Now, try the same on the HP-30S. Start with "sin 3.1415926535". The displayed result is 8.979323846 x 10-11 -- correct to its 10-digit display. Then try "sin 3.14159265358". The answer returned is exactly zero! What happened? Rounding, for the sake of reassurance -- "This answer must actually be zero, so let's return that result to gratify the user."

"EXACTITUDE OF REPRESENTATION" -- BCD VS. FLOATING POINT

A nice thing about BCD is its exactitude and direct correspondence to the encoded value. This makes it well-suited for calculators, which usually display a result immediately after each calculation. In programs, a "test for zero" can't be bollixed by a tiny floating-point argument that wasn't quite represented as zero. In HP's 64-bit BCD, the mantissa of a zero is simply a string of 48 cleared bits.

Retrieve pi on a BCD calculator, then subtract the integer part and multiply the result by 10. Keep repeating, and you will see no additional digits: Pi to 12 digits is given as 3.14159265359, and nothing more.

Now, try the HP-30S. Retrieve pi, and keep revealing the extra digits as above. You'll obtain

3.14159 26535 89793 23846 264 8727...

The first 24 digits are correct, but the next four that follow should have been "3383". The limits of resolution have been exceeded, but the HP-30S will keep giving more incorrect digits if the procedure is continued.

HP-30S -- REPRESENTATION VS. COMPUTATION

The HP-30S' representational accuracy of 24 significant digits does not extend to the same computational accuracy.

The digit-revealing procedure after computing e^(1) on the HP-30S produces

2.7182 8182 8459 0452 018...

which strays from the correct value in the 18th significant digit:

2.7182 8182 8459 0452 353...

But, of course, there's a bottomless well of incorrect digits to be retrieved.


Going back to the forensics example, one can see on the HP-30S that

  • arcsin(arccos(arctan(tan(cos(sin(8.999999999)))))) = 8.9999999990528...

  • arcsin(arccos(arctan(tan(cos(sin(9.000000001)))))) = 9.0000000010528...

    with error appearing in the 12th significant digit.


    In summary, if there's a sound argument for using floating-point representation instead of BCD on a calculator (and particularly the slow, non-programmable, non-graphing HP-30S), I'd like to see it.

    -- KS

    Edited: 2 Dec 2006, 9:40 p.m. after one or more responses were posted

  •                   
    Re: The HP-30S, rounding, and floating-point
    Message #4 Posted by Rodger Rosenbaum on 2 Dec 2006, 7:15 p.m.,
    in response to message #3 by Karl Schneider

    Quote:
    I can't seem to dig up the thread, but I do vaguely remember it. The "forensics" expression, while straightforward, always seemed a bit arbitrary to me (Why 9? Why not 7, or 13? Why not reverse the positions of SIN and TAN?)

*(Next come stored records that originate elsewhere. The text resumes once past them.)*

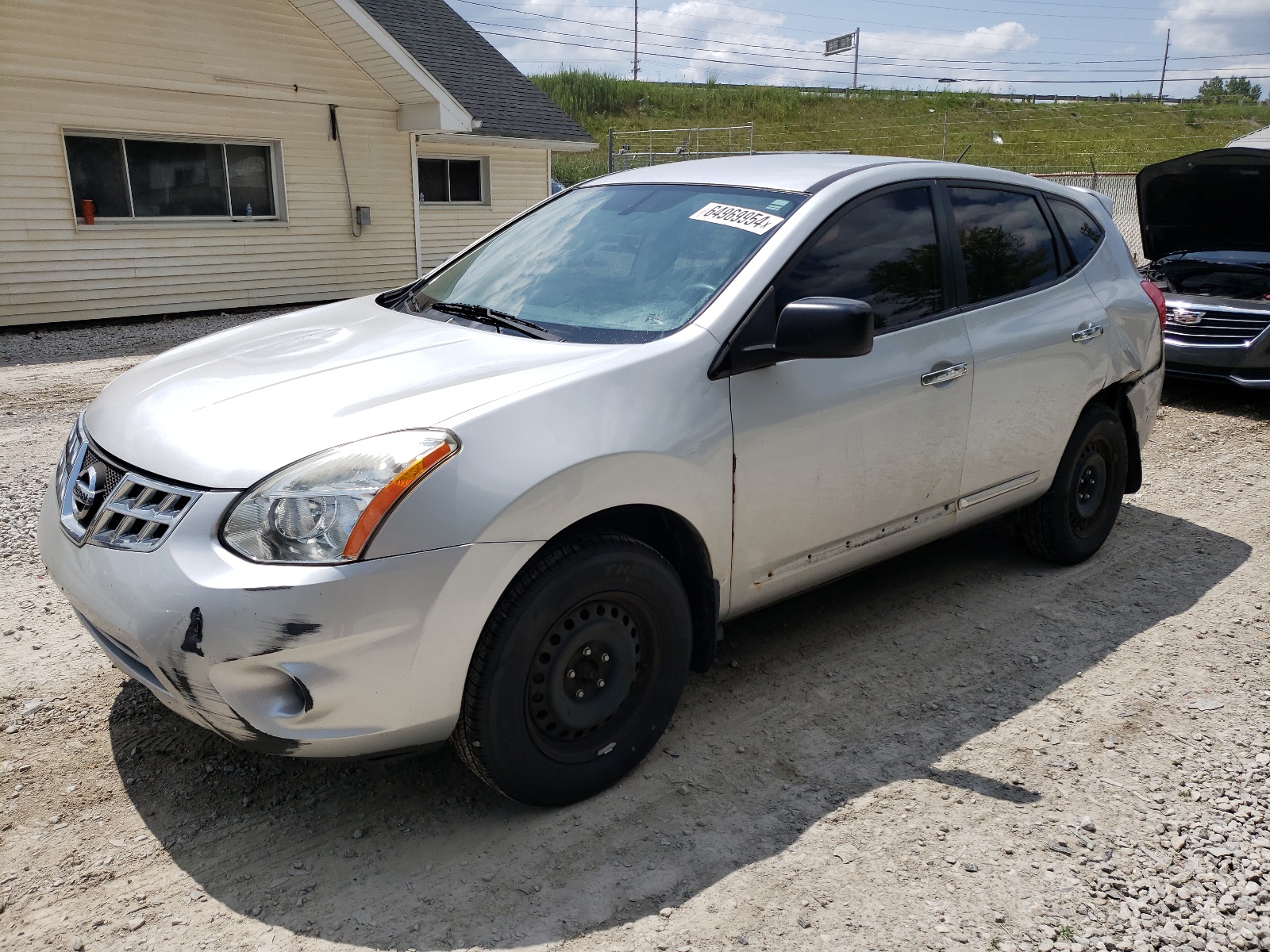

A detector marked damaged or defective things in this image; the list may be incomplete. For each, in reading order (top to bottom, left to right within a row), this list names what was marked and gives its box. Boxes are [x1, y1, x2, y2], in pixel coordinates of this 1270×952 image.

damaged front bumper [37, 482, 540, 758]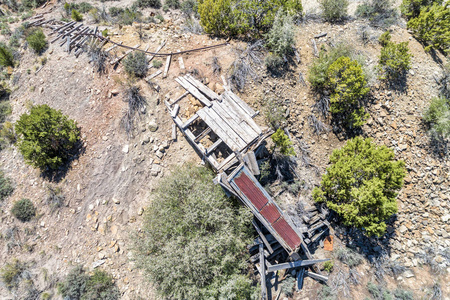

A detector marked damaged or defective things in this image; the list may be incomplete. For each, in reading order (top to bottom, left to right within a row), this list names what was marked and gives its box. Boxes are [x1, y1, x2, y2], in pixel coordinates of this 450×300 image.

broken wooden plank [110, 42, 140, 64]
broken wooden plank [148, 39, 167, 62]
broken wooden plank [175, 77, 212, 107]
rusty metal panel [234, 171, 268, 211]
rusty metal panel [258, 203, 280, 224]
broken wooden plank [251, 219, 272, 254]
rusty metal panel [270, 217, 302, 250]
broken wooden plank [266, 258, 328, 274]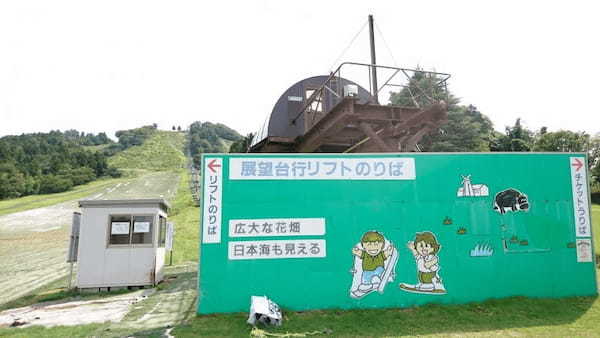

    I think the thread is: http://www.hpmuseum.org/cgi-sys/cgiwrap/hpmuseum/archv015.cgi?read=85973#85973

    On the Forensics site, the author explains "Why 9?". It was because that was the largest integer he could enter with a single key press.

    As for "Why not reverse the positions of SIN and TAN?", I guess he just liked to press the keys in a left to right and then back again order (or perhaps the reverse on some calcs).

    Quote:
    I believe that the HP-30S, with only two exponent digits, uses a 64-bit floating-point representation. It is not the IEEE standard, but it does allow extra precision -- up to 24 digits -- for the mantissa.

    It was established shortly after the HP-30S came out that it uses an 80 bit internal (mantissa) arithmetic. This gives 80 / (LOG(10)/LOG(2)) ~= 24 digits decimal.

    Quote:
    Now, try the HP-30S. Retrieve pi, and keep revealing the extra digits as above. You'll obtain 3.14159 26535 89793 23846 264 87271...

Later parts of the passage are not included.